Fr Hilary said the association believed children had a right to play as per the charter of the United Nations. He said that if such children were not being provided this opportunity, the association would not be fulfilling its duties.

The Youth FA president said the association’s main objective was always that of educating children through sports -something which is constantly stressed in meetings with nurseries. He said that the inclusion of such children would also help in the education of children attending nurseries.

Fr Hilary said that regulations required certain documents from children to be able to register with a nursery. Now that this problem has been solved, the association was opening its doors to all children. Before children could only train with a nursery and was not able to play in leagues and festivals.

He augured that after obtaining this special permission for children of irregular immigrants, nurseries would try to obtain the necessary documents in order for these players to be able to register properly once they are over the age of sixteen.

Fr Hilary suggested that in a small country like Malta, we should not miss the opportunity of finding promising talents among these children.

He concluded by saying that this was the association’s social responsibility as this could help the society change its mentality with regards to illegal immigrants.

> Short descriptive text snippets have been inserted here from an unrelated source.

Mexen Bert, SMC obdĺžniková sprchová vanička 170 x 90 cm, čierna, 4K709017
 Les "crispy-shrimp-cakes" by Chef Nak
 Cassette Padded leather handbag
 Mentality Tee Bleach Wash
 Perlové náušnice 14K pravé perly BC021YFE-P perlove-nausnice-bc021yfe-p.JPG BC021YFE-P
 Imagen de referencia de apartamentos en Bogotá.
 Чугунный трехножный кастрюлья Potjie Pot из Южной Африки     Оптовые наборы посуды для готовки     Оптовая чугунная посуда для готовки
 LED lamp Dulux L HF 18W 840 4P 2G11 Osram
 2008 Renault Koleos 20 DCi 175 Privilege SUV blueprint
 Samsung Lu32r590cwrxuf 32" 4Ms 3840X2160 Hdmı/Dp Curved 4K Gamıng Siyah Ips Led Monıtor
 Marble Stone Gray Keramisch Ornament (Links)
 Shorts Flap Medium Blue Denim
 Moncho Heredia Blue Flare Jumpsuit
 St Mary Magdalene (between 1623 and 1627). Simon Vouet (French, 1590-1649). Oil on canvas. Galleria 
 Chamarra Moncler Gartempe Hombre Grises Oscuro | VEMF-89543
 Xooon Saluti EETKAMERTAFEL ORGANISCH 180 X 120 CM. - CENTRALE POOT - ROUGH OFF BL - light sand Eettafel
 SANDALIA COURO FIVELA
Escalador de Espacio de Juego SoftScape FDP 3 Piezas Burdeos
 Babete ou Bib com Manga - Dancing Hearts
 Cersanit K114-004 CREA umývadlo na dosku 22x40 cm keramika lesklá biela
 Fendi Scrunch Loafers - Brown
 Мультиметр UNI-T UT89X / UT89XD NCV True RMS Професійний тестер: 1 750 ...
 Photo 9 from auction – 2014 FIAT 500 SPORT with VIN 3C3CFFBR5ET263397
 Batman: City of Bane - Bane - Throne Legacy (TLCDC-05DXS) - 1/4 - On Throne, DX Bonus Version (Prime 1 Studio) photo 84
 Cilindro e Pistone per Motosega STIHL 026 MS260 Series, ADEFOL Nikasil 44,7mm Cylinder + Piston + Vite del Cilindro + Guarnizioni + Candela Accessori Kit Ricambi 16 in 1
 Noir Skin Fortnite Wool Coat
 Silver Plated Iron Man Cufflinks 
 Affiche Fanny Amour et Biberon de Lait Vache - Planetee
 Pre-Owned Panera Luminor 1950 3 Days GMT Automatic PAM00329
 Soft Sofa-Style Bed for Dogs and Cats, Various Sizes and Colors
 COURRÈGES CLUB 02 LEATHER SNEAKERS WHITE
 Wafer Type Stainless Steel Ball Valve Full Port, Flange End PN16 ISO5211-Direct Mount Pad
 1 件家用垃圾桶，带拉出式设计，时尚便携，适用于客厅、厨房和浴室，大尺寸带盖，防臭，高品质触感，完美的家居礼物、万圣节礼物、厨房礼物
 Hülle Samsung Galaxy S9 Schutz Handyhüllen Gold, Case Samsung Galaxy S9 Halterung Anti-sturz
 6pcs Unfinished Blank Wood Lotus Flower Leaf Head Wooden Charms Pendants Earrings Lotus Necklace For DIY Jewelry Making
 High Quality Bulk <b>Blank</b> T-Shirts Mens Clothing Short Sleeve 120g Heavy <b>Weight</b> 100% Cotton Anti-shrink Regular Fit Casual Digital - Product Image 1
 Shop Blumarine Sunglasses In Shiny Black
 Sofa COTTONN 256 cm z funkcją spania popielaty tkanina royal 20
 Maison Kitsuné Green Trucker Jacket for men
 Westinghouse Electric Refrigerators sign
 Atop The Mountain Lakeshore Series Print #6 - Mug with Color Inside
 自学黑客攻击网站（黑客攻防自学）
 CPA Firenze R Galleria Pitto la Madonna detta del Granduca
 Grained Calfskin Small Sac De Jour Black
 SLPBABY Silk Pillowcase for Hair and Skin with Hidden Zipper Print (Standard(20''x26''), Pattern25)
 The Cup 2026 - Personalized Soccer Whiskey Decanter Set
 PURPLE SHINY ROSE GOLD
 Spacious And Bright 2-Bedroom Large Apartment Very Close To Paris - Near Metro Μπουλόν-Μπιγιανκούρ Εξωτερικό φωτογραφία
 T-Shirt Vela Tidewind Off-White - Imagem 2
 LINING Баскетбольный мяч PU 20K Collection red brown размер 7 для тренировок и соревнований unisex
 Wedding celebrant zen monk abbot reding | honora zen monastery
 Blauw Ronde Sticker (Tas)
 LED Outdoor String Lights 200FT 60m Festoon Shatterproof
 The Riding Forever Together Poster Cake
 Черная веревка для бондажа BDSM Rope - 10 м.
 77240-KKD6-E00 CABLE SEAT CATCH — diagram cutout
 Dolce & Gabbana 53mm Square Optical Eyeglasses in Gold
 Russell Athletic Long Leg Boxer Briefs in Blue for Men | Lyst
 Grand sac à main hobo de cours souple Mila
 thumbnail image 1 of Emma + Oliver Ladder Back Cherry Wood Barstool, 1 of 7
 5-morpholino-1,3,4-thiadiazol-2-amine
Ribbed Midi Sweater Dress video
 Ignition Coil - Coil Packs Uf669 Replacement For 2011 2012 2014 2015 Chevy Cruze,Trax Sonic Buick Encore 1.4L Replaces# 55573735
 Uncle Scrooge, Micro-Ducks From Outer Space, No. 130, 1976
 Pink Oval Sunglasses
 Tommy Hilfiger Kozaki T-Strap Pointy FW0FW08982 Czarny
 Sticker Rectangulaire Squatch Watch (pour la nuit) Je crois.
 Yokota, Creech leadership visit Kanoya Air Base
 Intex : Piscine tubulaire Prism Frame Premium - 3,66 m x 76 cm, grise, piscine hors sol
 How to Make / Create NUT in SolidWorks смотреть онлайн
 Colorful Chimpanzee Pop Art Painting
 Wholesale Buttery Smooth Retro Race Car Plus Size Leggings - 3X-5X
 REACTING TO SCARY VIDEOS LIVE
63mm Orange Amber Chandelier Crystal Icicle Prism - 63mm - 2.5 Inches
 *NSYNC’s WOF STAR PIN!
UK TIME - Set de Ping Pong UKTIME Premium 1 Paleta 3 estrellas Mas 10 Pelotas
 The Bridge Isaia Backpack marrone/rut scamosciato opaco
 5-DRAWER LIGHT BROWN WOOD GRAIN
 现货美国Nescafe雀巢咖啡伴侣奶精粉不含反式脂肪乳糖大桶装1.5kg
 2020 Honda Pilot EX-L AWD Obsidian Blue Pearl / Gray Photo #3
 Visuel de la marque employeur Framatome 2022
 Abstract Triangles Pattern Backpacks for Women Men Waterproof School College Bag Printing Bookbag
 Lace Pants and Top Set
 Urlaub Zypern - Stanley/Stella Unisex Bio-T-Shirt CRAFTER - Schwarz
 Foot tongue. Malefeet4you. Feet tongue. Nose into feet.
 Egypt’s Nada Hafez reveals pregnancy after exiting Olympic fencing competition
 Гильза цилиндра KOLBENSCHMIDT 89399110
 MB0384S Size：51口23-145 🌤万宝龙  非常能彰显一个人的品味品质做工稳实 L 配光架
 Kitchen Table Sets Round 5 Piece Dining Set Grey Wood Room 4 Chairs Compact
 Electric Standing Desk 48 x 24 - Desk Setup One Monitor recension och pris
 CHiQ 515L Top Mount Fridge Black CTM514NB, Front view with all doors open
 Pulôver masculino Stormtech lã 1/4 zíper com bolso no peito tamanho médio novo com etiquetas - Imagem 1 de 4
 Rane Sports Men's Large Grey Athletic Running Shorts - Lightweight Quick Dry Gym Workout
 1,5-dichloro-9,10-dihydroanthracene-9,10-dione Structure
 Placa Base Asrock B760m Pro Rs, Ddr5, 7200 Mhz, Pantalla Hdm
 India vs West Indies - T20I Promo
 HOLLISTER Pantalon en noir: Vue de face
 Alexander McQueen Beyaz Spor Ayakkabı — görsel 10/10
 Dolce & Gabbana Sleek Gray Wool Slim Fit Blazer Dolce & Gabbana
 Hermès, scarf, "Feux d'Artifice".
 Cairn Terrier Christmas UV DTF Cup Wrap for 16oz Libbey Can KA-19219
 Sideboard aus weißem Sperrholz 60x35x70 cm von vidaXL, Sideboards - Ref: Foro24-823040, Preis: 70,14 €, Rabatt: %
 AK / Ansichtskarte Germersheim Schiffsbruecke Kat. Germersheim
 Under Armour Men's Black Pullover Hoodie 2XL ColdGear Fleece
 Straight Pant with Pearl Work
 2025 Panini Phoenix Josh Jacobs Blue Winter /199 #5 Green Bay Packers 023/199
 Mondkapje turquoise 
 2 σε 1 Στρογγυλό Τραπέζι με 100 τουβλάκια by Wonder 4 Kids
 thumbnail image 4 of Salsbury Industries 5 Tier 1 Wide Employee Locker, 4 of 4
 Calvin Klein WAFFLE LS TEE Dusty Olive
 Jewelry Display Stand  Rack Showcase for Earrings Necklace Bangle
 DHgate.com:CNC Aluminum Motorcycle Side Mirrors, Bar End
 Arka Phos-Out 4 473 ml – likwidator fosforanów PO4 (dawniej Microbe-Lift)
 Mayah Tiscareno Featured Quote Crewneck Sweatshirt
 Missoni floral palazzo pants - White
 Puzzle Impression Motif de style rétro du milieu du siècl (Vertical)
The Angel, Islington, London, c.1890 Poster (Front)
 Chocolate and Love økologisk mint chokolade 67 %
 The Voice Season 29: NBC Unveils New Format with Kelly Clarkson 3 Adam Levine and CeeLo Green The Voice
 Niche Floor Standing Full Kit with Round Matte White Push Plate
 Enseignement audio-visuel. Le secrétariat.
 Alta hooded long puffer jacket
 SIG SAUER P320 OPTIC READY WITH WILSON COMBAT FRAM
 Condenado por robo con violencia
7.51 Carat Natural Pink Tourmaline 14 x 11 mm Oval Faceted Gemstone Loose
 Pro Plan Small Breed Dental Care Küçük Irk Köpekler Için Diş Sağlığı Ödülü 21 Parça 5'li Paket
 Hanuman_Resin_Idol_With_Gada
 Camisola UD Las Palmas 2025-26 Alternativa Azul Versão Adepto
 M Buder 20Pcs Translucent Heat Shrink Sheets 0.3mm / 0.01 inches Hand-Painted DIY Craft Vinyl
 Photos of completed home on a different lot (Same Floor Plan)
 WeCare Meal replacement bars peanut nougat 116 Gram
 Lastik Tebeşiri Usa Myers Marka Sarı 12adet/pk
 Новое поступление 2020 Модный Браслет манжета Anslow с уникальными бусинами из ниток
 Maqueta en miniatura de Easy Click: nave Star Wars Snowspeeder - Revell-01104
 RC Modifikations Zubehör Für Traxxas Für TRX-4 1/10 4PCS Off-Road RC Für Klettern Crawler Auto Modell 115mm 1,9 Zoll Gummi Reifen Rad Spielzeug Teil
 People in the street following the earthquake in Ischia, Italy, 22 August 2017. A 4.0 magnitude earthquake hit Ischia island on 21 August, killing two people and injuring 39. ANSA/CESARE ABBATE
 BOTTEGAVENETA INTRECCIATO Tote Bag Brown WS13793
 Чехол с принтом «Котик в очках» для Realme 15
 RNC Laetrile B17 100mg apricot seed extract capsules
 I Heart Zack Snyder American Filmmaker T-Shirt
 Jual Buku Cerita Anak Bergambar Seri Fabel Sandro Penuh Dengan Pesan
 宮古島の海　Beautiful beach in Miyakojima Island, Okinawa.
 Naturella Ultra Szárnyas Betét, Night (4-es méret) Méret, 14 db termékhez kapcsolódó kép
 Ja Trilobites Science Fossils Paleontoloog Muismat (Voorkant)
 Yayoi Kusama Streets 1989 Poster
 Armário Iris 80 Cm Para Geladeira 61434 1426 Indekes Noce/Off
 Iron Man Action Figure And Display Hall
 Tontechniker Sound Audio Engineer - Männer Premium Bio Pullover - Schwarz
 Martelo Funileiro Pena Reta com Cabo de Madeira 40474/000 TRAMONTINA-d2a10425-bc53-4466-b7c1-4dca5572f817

The Youth FA was always at the forefront in issues of social responsibility and twelve years ago, had issued a document on child abuse aimed at educating coaches and nursery administrators.

Parliamentary Secretary forYouth and Sport Clyde Puli praised this initiative and said this was social responsability in practice. He said children had the right to play and the right for education and the basic human rights state that there should be no kind of discrimination.

Puli said this initiative promotes social integration and respect. First and foremost, we should give these rights to all while respecting the integrity of each person. Referring to the possibile identification of talents, the Parliamentary Secretary said that a challenge was being converted into an opportunity.

Opposition Spokesperson for Sport and Local NGOs Chris Agius also praised the MFA and Youth FA for putting social responsibility in practice. He said that associations could continue working on this matter so that eventually such permission could be granted to players over the age of sixteen.

Agius said that football unites people and this initiative could help society integrate more irregular immigrants.

The Chairperson of the Refugee Service at the Emigrants Commission Carmelo Mifsud thanked the Youth FA for this initiative. He said the arrival of illegal immigrants brought new realities and their children could not play with local nurseries.

Mifsud said that the commission made a request to the Youth FA and the latter accepted this request. He said that thanks to football, the society could accept more these immigrants.

He revealed that out of around 1,400 immigrants which arrived in Malta in 2012, there were 127 boys and 28 girls aged 16 to 18 and 57 boys and 16 girls under the age of sixteen.

MFA Chief Executive Officer Bjorn Vassallo said with this initiative, the Youth FA was giving a clear message. He said that it was of great satisfaction for him personally and for the MFA to achieve this, saying that although it was not easy, this was a good step forward.

Vassallo said football attracts millions of people around the world and gives a sense of unity. He said that intergration of culture was something positive which all have to adapt to. A moral and ethical challenge for which one had to obtain a consensus on.

The MFA CEO said that the association, the Youth FA and the authorities are committed to keep working in this direction so that society continues to benefit from such initiatives. He said that over the past months, the association in collaboration with the Sports Promotion Unit and the Youth FA, a number of projects were launched to the benefit of all children, including those with special needs.